Your value to clients increases when you open your mind and come up with two or three distinct options that not only provide their desired outcome, but enhance the value beyond what your clients know is possible.

Options Must Accurately Reflect Your Client’s Desired Outcomes
The last item in providing powerful options is that each option has to reflect the client’s outcomes in a very specific way. The options have to mirror exactly what the client is after, using their own words. The proposal is no time for guessing or assumptions, so if you’re not clear, call and get clarification.
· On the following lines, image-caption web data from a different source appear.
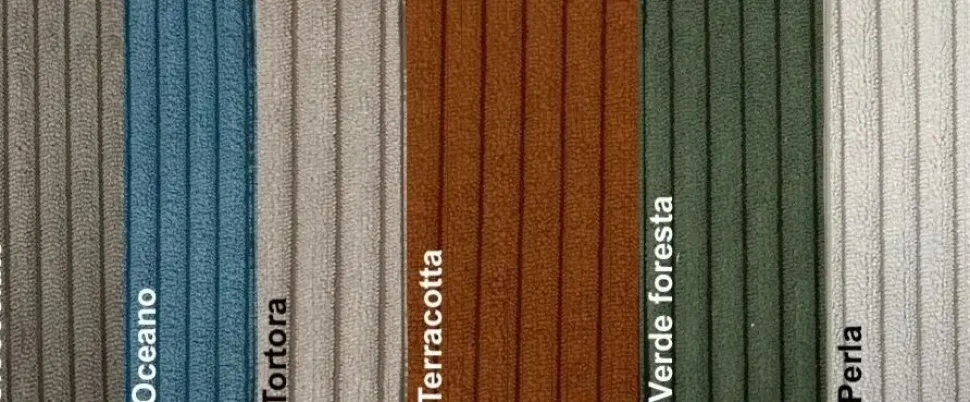 Letto matrimoniale imbottito in Velluto a Coste Design Contemporaneo 6 varianti colore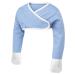 ScratchSleeves | Stay-on Scratch Mitts for Itchy Toddlers | Cross-over 9-12 Months (70-76cm wingspan) Blue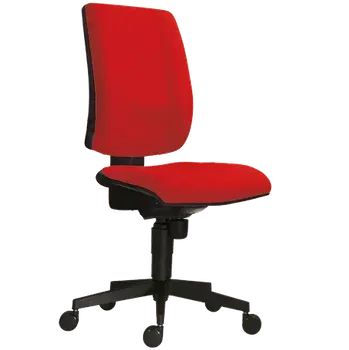 777 ASYN křeslo kancelářské, koženka SK 7 - koženka červená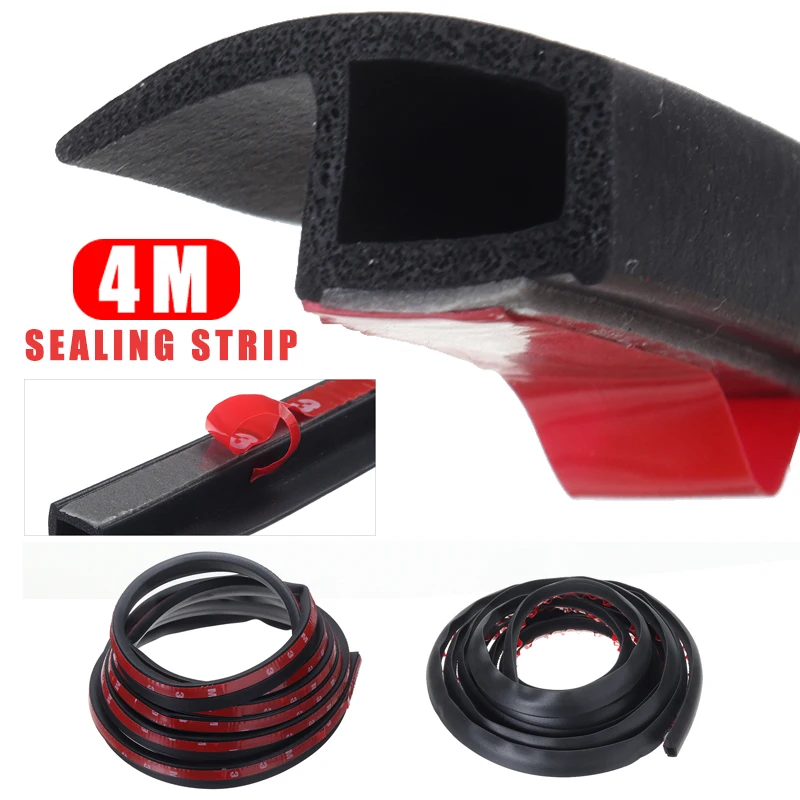 

1pc Black 4M P Type Car Door Window Edge Guard EPDM Rubber Weatherstrip Seal Strip Trim Repair Parts Moulding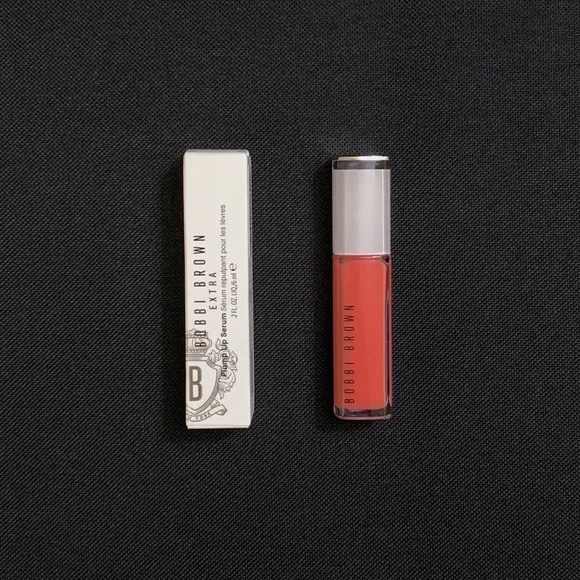 BOBBI BROWN Bare Peach Extra Plump Hydrating Lip Serum Full Size .2 oz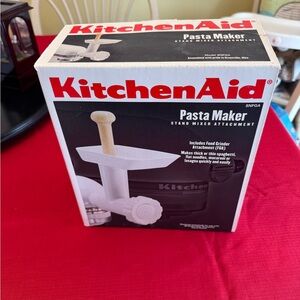 KitchenAid Red and White Pasta Maker Attachment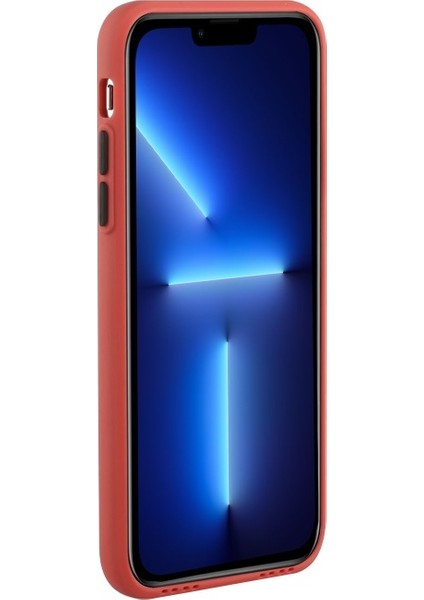 Apple iPhone 13 Pro Max Için Kart Yuvalı Esnek Tpu Koruyucu Telefon Kılıfı - Mercan (Yurt Dışından)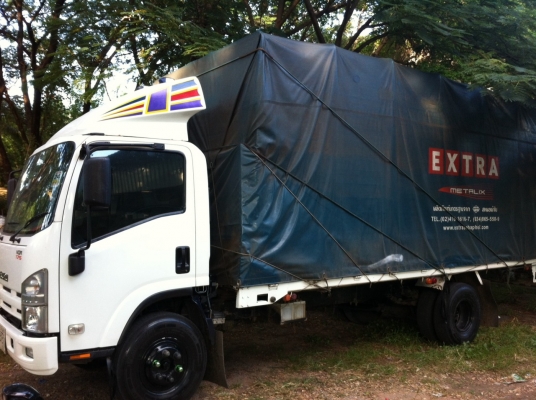 หกล้อ อีซูซุ NQR175แรงปี54 ยาว5.5เมตร สภาพดีสวยเดิมๆจากห้าง ทะเบียนพร้อมโอน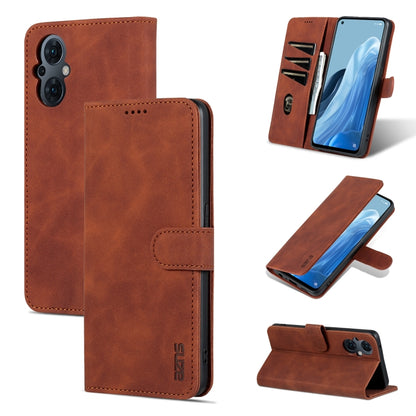 AZNS Skin Feel Calf Texture Flip Leather Phone Case, For OPPO Reno8 Lite, For vivo Y77 5G
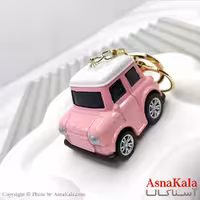 جاکلیدی فانتزی مدل ماشین صورتی کد HAIR13966W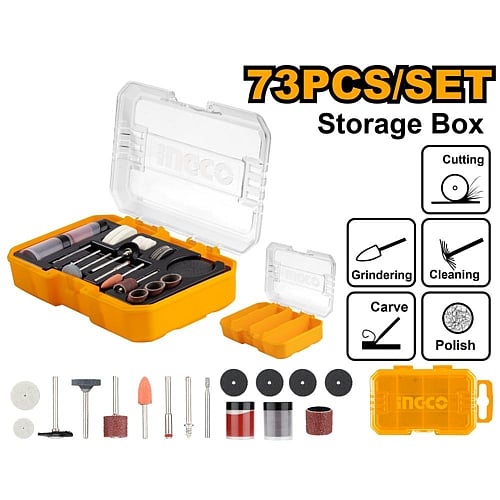 Ingco 73Pc Rotary Multi-Tool Accessory Set | AKMG7072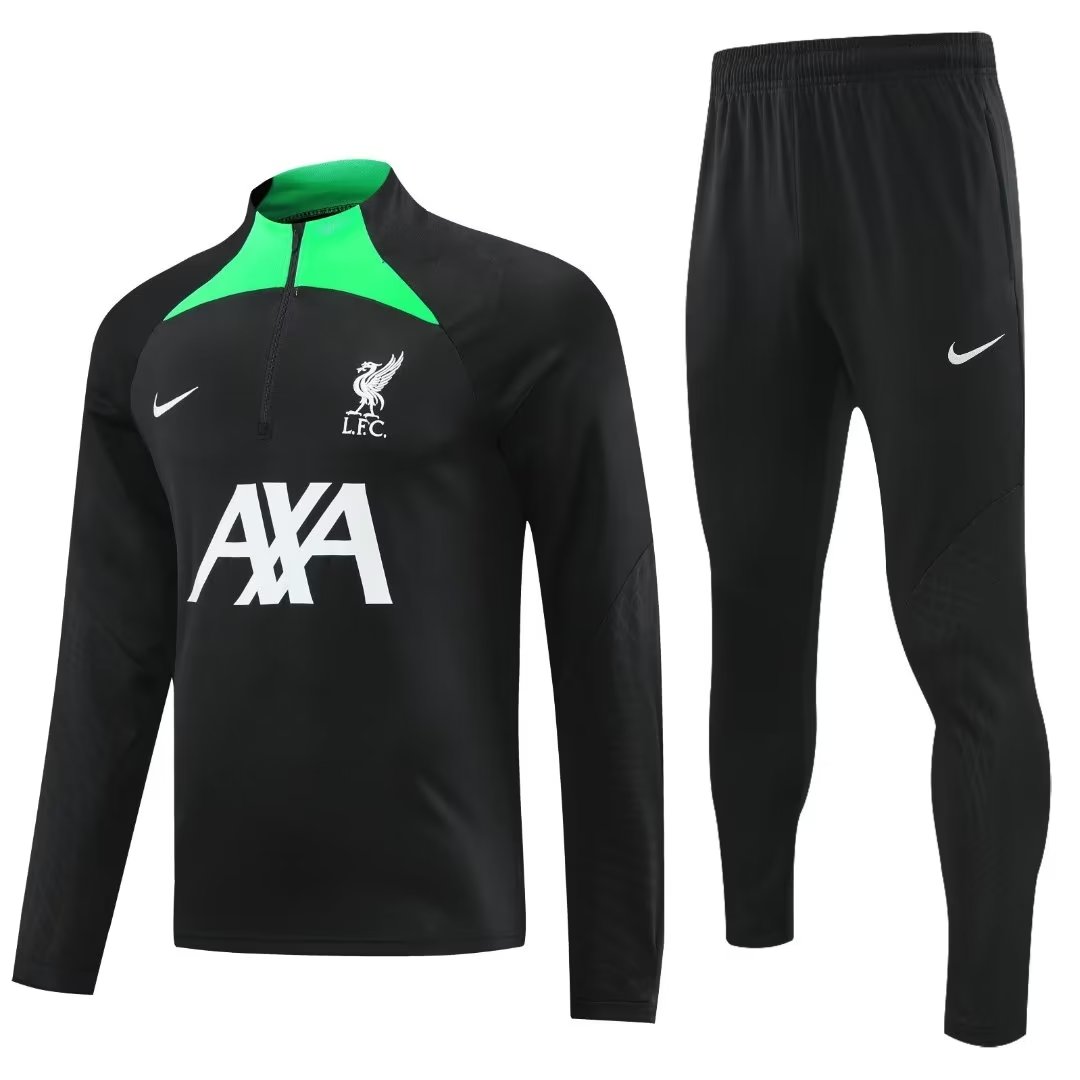 23/24 Liverpool Black Sweater Tracksuit Thai Quality - leoleo123123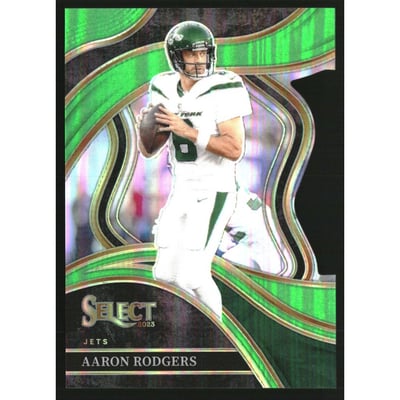 2023 Select Prizm Neon Green Die Cut #300 Aaron Rodgers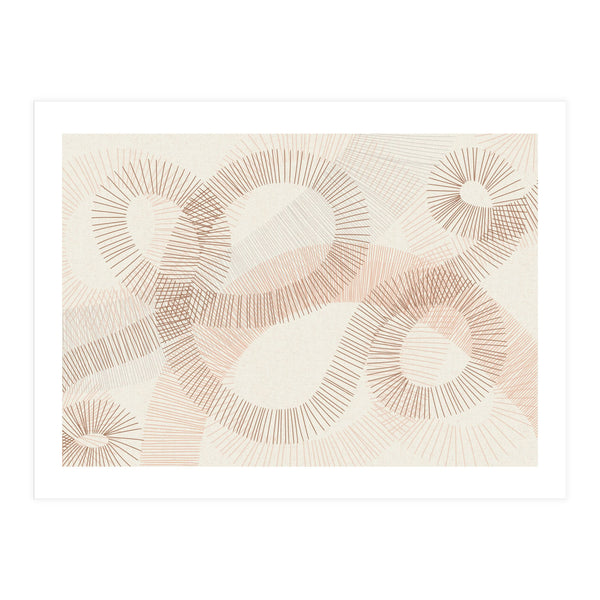 calming essentials Curved Lines sand (Print Only)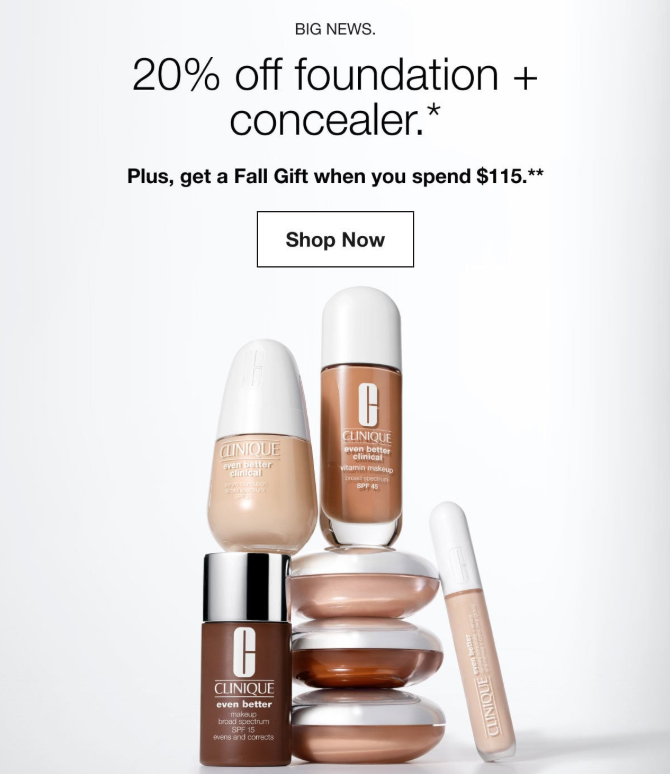 Click to go to the Clinique Sale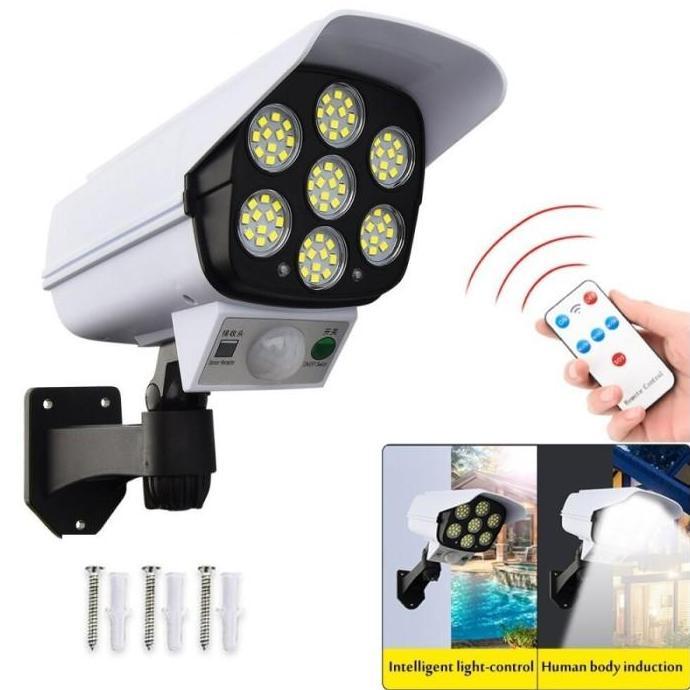 Lampu Dinding Model CCTV Solar Charge Tenaga Surya Matahari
You not only want to know what the client is asking for and how they are asking for it, but the proposal needs to repeat it to them verbatim.

If my mechanic begins talking about the steps I should take to maintain my kids’ old Honda Civic in the same way he does my Range Rover, there’s a disconnect.

In the same way, your proposed options need to reflect your clients’ reality, in their terms. Are they looking for higher revenue per employee? Or getting employees to take more pride in their work? Or do they use the word “fulfilled”? Their chosen words may not be terms that you use, but remember, your client’s not broken. They don’t need fixing. They want your firm to help them achieve their desired outcomes, because they believe the effort will make a difference to their organization and be good for them. Your job is to help them get what they want, in your firm’s own particular way.

Keep those three points in mind as you sit down with your partners and come up with a value-based pricing proposal. A proposal based on the client’s perceived value. Once you’ve heard them define the destination, use options to partner with them on getting there. Avoid the trap of defaulting to a single solution or offering a low, medium and high set of choices. Instead, strive to offer a series of distinct approaches that will not only get the outcome they’re after, but will offer them new and unique solutions in ways only your firm can offer. Help them get their desired outcomes in ways they didn’t even know existed.

It’s a process, not an event.

That day in Shanghai, we eventually found our way back to the hotel. The solution included a Starbucks employee, a set of Howard Johnson’s hotel workers, and a couple of aggressive taxi drivers, but we were none the worse for the wear. As a matter of fact, just as your firm will be better with proposal number 10 compared to proposal number one, we were wiser about how to get around Shanghai the very next day. Partner with your clients using the power of options and increase the value they receive from your services.

Greg Chambers is president of Chambers Pivot Industries LLC, which helps entrepreneurial companies with their sales-and-marketing practices.